Boneless, trimmed leg of lamb for Passover Seder
Trimmed, boneless leg of lamb can be purchased at Costco or Sam’s Club in the meat department. It will be boneless New Zealand lamb and will weigh about 6 pounds per leg. The lamb is a good quality and for this is the only lamb we purchase now. It is consistent in quality and price. Remove the strings before cooking they will get in the way when it is time to chop the cooked lamb. We always cook the lamb quite well done and the string will burn into the meat causing some meat loss. We fill the deep roasting pans with a solid layer of lamb so the tie strings are not necessary. Cook the lamb fat side up.
When cooking for a large crowd it is best to purchase disposable aluminium pans. This will greatly reduce the clean up time. Double the pans because each pan can hold about 42 pounds of lamb. The dark outer coating on these legs of lamb is only a thin crust on the fat caused by basting with honey and butter. This will be discarded.

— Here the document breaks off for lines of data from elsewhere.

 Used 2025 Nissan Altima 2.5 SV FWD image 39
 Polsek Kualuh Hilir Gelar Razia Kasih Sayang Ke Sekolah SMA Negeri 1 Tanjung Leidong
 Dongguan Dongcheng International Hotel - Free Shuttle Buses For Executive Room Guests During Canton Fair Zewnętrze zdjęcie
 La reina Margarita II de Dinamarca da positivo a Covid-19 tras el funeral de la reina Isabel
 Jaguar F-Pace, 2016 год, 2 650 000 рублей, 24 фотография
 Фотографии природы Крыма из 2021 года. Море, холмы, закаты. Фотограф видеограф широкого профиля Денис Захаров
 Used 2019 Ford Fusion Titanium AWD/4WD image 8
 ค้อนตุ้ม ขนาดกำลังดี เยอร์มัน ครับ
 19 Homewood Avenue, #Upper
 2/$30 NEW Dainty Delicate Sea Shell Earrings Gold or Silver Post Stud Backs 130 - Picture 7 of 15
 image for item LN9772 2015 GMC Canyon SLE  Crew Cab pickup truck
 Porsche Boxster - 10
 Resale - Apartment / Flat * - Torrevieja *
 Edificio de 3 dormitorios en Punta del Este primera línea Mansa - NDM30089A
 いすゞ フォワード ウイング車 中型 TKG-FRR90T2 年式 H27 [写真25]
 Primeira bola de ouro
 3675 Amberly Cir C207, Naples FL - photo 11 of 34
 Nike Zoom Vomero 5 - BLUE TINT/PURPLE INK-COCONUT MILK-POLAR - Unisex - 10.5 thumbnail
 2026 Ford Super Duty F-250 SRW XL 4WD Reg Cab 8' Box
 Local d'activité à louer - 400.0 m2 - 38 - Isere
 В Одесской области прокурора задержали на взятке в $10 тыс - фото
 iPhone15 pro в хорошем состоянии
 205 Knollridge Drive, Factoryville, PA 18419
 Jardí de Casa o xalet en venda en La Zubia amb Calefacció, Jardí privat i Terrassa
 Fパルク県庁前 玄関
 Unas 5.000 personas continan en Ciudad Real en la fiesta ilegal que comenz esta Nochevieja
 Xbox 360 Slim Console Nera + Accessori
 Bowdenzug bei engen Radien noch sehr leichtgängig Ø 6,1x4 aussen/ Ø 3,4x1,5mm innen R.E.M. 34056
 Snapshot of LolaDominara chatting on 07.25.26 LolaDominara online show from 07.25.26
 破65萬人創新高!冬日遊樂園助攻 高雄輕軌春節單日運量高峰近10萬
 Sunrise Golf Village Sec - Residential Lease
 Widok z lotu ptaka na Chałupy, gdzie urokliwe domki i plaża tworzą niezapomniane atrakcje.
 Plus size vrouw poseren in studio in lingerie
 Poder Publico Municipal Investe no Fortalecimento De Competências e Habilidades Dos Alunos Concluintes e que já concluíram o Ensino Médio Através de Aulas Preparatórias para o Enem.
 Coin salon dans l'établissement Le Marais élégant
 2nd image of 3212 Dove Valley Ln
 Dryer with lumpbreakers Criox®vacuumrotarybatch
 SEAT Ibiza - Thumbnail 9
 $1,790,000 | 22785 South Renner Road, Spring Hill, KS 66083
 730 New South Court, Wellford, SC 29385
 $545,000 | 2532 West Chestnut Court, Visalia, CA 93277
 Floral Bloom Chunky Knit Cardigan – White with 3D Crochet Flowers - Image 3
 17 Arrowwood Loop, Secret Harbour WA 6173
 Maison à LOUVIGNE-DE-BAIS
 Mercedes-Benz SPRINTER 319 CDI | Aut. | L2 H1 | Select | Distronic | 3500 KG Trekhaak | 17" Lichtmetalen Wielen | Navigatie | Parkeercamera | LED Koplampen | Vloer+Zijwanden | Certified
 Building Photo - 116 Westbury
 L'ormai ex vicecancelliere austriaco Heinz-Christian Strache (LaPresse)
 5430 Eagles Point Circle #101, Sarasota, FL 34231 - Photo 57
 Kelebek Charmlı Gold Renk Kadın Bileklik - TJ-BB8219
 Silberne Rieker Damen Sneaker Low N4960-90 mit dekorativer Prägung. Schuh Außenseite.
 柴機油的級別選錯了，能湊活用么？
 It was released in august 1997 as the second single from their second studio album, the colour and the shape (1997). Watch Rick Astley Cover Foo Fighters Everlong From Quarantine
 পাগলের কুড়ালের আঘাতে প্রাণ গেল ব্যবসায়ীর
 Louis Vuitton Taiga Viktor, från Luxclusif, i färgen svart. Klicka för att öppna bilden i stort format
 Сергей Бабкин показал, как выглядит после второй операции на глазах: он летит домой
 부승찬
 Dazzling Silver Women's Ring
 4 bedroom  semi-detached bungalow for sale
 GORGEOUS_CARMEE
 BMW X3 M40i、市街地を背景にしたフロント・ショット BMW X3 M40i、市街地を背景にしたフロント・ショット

The lamb will cook much like a roast. We cook it without being covered and baste it every half hour with honey and butter and the drippings from the pan.
175+ pounds (always weigh heavy rather than light)
6:00 pm service, the lamb will be eaten around 7:00pm.
You will need to start preparing the lamb at 8:00 am.
The lamb needs to be in the preheated ovens or electric portable roasters no later than 9:00 am. By 1:30 they should be done. Those cooked in the ovens will have a black burnt covering on top. This will not cause a problem as this will be the fat side up and the honey and butter baste will cause it to turn black. The legs cooked in large white roasters will not darken.
At about 1:30 take the most tender meat from the oven first and lay out on large cooking sheets to partially cool. Do not wait for it to completely cool. Remove as much fat as possible with a sharp knife then chop the large hunks of cooked meat with an Ulu or meat cleaver.
Start pulling the meat apart like “pulled pork BBQ” and remove all the fat and gristle. It is very important to remove all the fat and gristle because people who have never eaten roast lamb will be very disappointed if they find any in their meat.
Put the cleaned lamb in large pans and sprinkle over the top of the meat drippings from the roasting pans and water. Cover with aluminum foil and put back in a 200-degree oven until ready to be served.
Use one serving plate for a table that will sit eight people. When serving, have the proper number of plates to be filled set out on a large table and put an equal amount of lamb in each plate. Cover each of these plates with a Styrofoam plate to keep the meat hot. Try to do this as quickly as possible because it is important to keep the meat hot.
Leg of Lamb Boneless leg of lamb: Purchase .50 pound of meat per person.
With bone: .65 pounds per person
Purchase a little more than needed.
Wash the meat and remove any string netting. Liberally season with salt and garlic salt. Place several legs in a deep pan and place in a 350-degree oven.
Butter 2 pounds
Honey 2/3 quart
When cooking real good Continue to baste every 20 to 30 minutes until the meat is tender. By this time, the meat will be black on the outside, but this won’t hurt anything. You can cover the lamb with aluminum foil if it gets to burnt. Be careful to never turn a basting bulb up on end as this will cause the hot liquid to squirt out the top and could burn someone. Always hold it with the end down.
If you are cooking for a much smaller group of people, make adjustments according to the size of the crowd.